◆ **REQUIREMENT**
Give again, word for word, every line below from the one that has "长武14周胎儿性别鉴定技巧(14周可以鉴定胎儿性别吗)" through the one that has "Webcam Snapshop for Lesbians", both included, and no others.

---

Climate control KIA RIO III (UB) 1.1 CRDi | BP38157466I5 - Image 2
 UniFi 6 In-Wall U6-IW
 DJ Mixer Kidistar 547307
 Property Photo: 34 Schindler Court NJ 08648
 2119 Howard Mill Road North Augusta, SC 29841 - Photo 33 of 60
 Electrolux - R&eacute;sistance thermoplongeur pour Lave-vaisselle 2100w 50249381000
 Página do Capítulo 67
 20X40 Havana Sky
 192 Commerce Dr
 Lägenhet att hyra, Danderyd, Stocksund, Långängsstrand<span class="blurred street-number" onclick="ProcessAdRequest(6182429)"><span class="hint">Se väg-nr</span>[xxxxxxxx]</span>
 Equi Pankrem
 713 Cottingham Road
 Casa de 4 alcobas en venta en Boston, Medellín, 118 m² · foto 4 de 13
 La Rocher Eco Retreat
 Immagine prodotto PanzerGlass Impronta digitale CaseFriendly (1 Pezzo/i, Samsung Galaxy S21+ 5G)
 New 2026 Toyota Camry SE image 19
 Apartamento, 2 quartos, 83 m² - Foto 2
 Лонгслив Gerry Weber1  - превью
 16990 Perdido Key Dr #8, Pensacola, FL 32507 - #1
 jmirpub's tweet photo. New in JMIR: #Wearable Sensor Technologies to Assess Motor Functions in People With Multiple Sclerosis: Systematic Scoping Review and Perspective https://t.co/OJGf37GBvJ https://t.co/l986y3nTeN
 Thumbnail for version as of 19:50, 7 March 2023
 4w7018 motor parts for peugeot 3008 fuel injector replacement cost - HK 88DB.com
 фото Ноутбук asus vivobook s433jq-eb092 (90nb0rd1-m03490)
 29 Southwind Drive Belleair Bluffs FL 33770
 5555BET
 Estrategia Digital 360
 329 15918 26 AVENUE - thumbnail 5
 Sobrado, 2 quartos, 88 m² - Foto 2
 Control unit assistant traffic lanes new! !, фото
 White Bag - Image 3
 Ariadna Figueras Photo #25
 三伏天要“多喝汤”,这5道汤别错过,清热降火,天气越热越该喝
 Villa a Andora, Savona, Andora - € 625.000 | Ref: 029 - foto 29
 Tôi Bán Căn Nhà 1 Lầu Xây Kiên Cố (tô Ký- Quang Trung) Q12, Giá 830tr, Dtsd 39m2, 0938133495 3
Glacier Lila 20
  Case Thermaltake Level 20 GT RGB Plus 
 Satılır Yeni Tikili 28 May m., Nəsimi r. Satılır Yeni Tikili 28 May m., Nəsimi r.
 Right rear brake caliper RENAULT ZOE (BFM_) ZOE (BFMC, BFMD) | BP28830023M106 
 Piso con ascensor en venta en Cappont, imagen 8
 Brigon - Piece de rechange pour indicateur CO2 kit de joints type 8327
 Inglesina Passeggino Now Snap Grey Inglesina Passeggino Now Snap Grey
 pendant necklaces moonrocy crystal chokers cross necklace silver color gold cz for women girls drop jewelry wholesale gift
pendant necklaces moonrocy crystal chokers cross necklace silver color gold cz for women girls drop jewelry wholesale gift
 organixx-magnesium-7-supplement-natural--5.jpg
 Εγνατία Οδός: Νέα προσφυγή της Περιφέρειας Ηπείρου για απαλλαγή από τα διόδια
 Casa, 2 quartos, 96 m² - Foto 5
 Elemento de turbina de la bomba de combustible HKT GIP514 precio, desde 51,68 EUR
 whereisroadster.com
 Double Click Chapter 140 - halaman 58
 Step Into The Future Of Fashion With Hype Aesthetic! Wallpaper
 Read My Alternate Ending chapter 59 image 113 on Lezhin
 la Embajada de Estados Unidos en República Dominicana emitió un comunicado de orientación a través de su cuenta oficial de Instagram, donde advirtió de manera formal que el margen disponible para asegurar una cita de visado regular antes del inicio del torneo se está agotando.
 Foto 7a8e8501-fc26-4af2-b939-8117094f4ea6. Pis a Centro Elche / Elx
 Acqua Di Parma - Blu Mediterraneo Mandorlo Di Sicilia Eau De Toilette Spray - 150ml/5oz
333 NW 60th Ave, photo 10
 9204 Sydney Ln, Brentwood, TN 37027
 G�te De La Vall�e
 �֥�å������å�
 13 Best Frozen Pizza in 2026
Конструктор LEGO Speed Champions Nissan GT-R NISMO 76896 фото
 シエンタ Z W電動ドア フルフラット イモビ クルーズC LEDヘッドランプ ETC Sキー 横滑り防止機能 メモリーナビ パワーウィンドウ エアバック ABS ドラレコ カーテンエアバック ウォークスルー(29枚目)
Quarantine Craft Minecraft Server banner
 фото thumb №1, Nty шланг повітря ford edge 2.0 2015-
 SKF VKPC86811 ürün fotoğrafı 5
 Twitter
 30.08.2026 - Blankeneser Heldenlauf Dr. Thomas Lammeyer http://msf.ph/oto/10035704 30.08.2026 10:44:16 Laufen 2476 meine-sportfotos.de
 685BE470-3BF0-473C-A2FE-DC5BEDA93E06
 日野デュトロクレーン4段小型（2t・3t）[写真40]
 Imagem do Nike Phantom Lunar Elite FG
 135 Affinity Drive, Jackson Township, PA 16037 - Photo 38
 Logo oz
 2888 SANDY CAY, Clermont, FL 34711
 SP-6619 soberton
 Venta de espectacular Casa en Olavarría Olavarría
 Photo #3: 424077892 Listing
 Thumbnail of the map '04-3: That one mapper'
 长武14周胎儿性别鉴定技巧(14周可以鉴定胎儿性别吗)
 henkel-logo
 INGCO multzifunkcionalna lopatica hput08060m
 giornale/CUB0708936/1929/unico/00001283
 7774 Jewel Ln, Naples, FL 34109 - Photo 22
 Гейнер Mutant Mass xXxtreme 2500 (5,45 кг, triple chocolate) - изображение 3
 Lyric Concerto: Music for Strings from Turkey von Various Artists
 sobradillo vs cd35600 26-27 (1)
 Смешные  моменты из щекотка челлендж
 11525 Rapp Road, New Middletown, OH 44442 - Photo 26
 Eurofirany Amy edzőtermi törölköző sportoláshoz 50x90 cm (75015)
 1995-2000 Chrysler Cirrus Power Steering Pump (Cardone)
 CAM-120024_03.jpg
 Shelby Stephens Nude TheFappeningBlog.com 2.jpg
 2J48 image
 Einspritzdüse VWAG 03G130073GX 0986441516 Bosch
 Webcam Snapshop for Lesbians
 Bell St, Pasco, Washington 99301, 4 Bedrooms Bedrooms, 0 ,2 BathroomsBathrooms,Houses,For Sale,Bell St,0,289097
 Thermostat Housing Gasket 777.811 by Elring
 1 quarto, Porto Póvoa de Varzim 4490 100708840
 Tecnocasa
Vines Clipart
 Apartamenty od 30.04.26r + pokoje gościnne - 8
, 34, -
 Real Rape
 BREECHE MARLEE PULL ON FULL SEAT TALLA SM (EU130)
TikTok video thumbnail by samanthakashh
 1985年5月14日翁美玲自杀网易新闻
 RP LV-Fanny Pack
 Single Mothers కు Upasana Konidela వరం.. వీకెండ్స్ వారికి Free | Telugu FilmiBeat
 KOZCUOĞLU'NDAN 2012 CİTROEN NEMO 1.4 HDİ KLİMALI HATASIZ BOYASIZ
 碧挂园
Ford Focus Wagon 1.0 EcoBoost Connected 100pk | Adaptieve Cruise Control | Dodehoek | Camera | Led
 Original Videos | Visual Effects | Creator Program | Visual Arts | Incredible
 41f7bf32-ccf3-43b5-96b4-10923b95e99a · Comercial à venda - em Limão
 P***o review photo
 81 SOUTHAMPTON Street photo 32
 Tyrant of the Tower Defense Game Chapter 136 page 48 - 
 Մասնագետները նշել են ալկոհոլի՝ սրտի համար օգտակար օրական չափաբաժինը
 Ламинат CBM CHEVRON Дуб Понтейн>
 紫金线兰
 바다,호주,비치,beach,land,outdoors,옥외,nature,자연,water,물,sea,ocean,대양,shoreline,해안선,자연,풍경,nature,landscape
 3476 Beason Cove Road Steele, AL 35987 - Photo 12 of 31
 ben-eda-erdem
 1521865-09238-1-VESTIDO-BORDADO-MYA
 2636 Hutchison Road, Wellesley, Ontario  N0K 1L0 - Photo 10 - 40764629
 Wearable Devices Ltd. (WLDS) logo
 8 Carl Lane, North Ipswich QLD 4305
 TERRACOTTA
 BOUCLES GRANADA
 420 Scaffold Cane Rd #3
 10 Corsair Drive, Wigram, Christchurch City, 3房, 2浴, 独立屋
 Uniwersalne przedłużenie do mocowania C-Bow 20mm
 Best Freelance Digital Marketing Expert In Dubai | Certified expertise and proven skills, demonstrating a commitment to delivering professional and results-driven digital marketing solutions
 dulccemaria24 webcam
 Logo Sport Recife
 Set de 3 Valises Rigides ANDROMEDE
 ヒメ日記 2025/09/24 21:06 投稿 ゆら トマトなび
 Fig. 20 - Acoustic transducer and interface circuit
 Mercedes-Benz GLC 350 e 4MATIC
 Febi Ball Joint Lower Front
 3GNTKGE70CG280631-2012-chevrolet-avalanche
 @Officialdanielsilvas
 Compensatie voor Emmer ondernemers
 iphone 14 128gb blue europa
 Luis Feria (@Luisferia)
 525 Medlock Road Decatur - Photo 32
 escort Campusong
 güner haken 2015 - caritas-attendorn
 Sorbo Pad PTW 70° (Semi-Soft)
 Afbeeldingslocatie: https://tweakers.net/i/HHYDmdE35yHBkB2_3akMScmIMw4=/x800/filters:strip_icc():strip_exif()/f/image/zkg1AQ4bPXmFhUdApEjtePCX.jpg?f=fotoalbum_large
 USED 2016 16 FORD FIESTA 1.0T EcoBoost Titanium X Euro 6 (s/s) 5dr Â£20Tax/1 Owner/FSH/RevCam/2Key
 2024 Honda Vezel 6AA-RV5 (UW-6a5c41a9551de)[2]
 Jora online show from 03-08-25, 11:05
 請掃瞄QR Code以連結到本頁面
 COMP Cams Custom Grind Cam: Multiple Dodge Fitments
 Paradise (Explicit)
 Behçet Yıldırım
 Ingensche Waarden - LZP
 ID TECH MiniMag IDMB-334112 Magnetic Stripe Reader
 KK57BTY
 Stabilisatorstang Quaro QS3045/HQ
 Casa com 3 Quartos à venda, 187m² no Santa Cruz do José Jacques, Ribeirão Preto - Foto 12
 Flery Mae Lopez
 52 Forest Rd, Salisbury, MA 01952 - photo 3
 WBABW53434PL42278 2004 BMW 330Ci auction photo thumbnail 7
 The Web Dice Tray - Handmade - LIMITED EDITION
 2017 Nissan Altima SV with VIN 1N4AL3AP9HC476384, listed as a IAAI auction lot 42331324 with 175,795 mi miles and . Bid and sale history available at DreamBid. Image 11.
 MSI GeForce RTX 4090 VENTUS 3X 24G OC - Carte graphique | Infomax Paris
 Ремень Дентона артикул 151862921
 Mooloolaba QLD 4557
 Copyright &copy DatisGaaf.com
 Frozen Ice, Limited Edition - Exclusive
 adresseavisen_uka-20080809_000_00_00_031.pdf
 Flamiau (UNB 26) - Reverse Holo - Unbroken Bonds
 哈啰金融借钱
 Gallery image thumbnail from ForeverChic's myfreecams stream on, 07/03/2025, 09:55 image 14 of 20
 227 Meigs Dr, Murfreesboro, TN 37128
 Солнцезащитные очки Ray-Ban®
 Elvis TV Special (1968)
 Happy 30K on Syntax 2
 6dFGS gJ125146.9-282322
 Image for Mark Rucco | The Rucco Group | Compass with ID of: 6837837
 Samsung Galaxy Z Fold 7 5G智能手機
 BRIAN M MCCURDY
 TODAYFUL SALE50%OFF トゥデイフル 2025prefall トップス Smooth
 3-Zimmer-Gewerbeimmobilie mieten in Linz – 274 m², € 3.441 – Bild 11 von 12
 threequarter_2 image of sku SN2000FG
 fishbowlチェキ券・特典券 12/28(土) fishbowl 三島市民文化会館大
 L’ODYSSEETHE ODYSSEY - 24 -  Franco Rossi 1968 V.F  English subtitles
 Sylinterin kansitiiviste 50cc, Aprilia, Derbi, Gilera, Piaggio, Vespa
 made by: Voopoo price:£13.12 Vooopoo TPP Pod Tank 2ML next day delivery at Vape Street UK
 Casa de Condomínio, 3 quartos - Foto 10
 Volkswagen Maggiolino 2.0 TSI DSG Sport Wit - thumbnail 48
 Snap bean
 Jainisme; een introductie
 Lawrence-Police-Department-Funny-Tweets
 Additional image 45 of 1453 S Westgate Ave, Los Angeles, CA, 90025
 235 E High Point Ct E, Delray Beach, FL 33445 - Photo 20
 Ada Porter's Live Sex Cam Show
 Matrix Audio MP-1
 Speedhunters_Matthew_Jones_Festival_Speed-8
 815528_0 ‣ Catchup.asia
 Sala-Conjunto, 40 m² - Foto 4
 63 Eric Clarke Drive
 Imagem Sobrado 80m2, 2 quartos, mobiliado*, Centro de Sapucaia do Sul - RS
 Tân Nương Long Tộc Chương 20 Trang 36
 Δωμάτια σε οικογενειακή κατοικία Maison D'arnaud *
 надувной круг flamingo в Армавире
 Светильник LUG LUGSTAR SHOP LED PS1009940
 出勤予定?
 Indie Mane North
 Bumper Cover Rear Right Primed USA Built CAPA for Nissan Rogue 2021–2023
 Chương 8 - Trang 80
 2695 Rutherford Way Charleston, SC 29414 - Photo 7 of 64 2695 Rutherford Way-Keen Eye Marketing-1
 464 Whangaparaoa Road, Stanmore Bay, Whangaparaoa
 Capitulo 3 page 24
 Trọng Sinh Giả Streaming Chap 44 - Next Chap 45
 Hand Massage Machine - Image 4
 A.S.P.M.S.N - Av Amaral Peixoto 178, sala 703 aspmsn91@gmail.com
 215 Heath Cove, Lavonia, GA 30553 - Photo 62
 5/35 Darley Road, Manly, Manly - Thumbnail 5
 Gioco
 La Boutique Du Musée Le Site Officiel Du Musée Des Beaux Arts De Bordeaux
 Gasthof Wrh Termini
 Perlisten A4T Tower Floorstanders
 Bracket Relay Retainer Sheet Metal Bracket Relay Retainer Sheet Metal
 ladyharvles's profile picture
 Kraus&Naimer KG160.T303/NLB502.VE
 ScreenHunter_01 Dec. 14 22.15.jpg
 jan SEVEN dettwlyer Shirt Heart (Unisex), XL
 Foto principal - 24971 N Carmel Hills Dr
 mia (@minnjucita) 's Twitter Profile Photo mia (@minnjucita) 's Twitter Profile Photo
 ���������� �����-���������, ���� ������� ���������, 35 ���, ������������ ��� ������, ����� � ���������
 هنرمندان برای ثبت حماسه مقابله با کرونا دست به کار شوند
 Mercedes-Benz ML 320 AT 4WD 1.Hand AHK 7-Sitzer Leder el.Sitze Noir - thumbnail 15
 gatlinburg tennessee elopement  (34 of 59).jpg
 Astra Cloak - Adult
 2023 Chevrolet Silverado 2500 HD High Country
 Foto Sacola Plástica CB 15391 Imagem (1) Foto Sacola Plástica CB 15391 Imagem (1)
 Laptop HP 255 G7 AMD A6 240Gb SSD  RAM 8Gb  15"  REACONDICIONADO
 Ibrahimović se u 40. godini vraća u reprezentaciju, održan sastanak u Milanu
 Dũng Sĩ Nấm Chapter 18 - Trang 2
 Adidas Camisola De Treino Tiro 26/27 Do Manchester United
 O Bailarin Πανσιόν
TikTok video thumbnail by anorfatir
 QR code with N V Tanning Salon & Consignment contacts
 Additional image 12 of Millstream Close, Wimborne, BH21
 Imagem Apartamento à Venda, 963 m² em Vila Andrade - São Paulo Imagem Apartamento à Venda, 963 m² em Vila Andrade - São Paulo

---

◆ **SOLUTION TO THE PROBLEM**
 长武14周胎儿性别鉴定技巧(14周可以鉴定胎儿性别吗)
 henkel-logo
 INGCO multzifunkcionalna lopatica hput08060m
 giornale/CUB0708936/1929/unico/00001283
 7774 Jewel Ln, Naples, FL 34109 - Photo 22
 Гейнер Mutant Mass xXxtreme 2500 (5,45 кг, triple chocolate) - изображение 3
 Lyric Concerto: Music for Strings from Turkey von Various Artists
 sobradillo vs cd35600 26-27 (1)
 Смешные  моменты из щекотка челлендж
 11525 Rapp Road, New Middletown, OH 44442 - Photo 26
 Eurofirany Amy edzőtermi törölköző sportoláshoz 50x90 cm (75015)
 1995-2000 Chrysler Cirrus Power Steering Pump (Cardone)
 CAM-120024_03.jpg
 Shelby Stephens Nude TheFappeningBlog.com 2.jpg
 2J48 image
 Einspritzdüse VWAG 03G130073GX 0986441516 Bosch
 Webcam Snapshop for Lesbians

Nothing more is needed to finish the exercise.